Throughout the strike, the UCU’s website has had a graphic emblazoned at the top of its home page: “It’s not too late! Universities UK can still commit to meaningful negotiations over pensions and end the strike action” (emphasis in original).

On Thursday, Corbyn released a video on his Twitter account in which he said, “It’s been great to see support from students for striking staff but for everyone’s sake we need to find a solution that avoids further disruption.”

He added, “So I join staff and students in calling for the employers to commit now to meaningful negotiations, through ACAS [Advisory, Conciliation and Arbitration Service Council] if necessary, to resolve this dispute.”

ACAS has overseen the ending of countless strikes on the employers’ terms and is led today by former Trades Union Congress (TUC) leader Sir Brendan Barber, who was knighted in 2013.

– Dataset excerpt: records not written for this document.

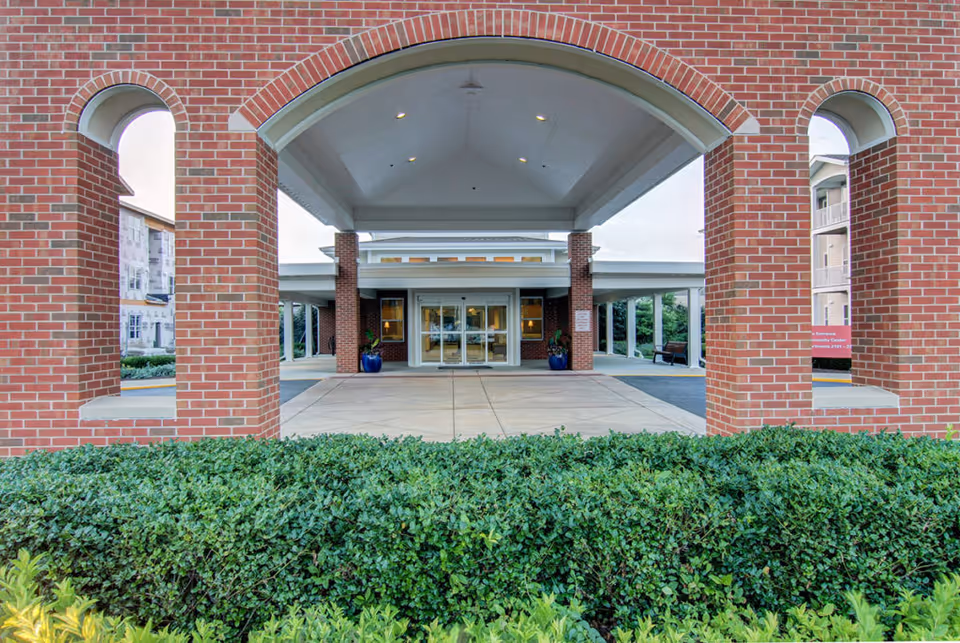 Entrance of a brick building with a covered driveway supported by brick columns, green shrubs in the foreground, and glass double doors leading inside.
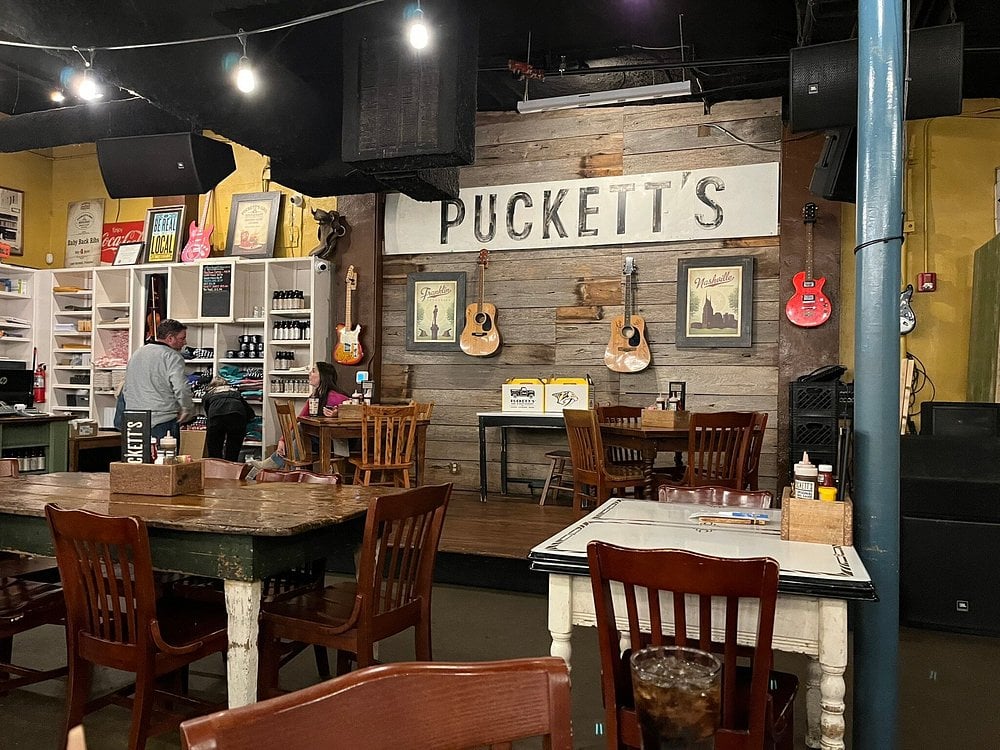 Rustic interior of Puckett's Restaurant with wooden tables and guitars hanging on a wall stage.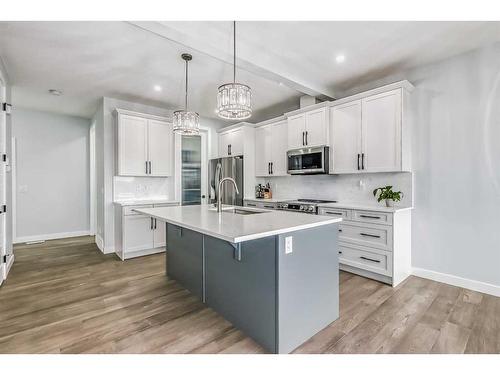 114 Waterford Road, Chestermere, AB - Indoor Photo Showing Kitchen With Upgraded Kitchen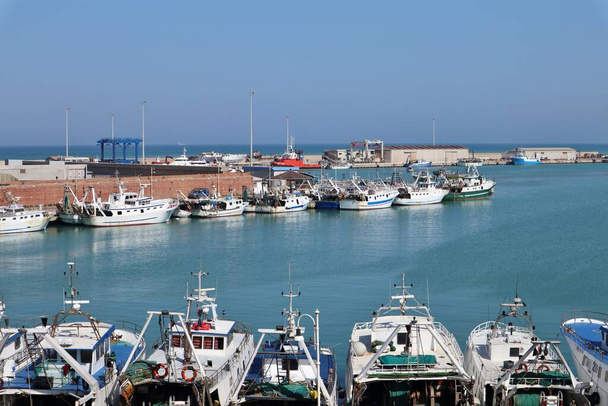 Termoli, Molise, Italië 12 april 2024: De haven van Termoli, dicht bij de Borgo Antico, gekenmerkt door een pier voor vissersboten en de Guardia di Finanza, een tussenpier voor het instappen voor de Tremiti-eilanden, en de pier op de werf in het noorden - Foto, afbeelding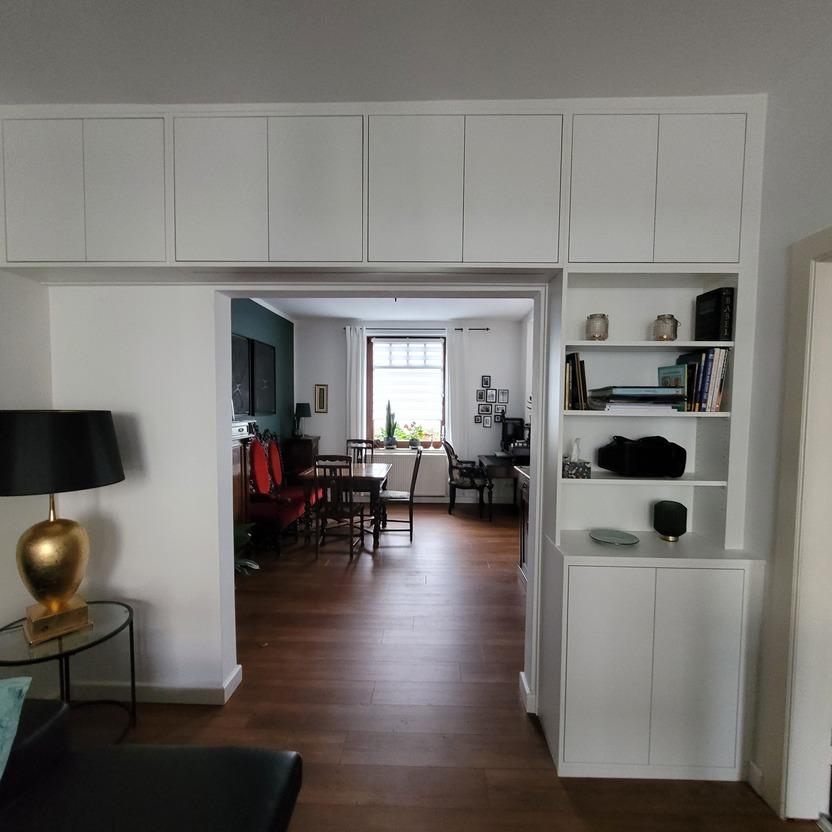 Ein modernes Wohnzimmer mit integriertem Essbereich. Der Raum ist mit weißen Einbauschränken und einem dunklen Lampenständer mit goldenem Lampenschirm ausgestattet. Der Boden ist aus Holz, und im Hintergrund befindet sich ein Fenster mit Vorhängen.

As the strike began, McDonnell spoke at a rally at Goldsmith’s university in London—one of the 16 institutions in the capital hit by the strike—and offered the same palliatives as Corbyn. In a tweet, McDonnell called “on employers to enter meaningful negotiations to resolve this dispute.”

On Friday, the board of Universities UK (UU) met in London for their quarterly meeting, at which the current strike was to be discussed. UCU General Secretary Sally Hunt said she agreed with Conservative government universities minister Sam Gyimah’s call for “talks without preconditions.”

“We hope the sensible voices at this morning’s [UUK] strike summit will give their negotiators a clear mandate to go back to the table and get this mess sorted out,” she said. “If they want to talk to us without preconditions, as the universities minister has suggested, then let’s do it today.”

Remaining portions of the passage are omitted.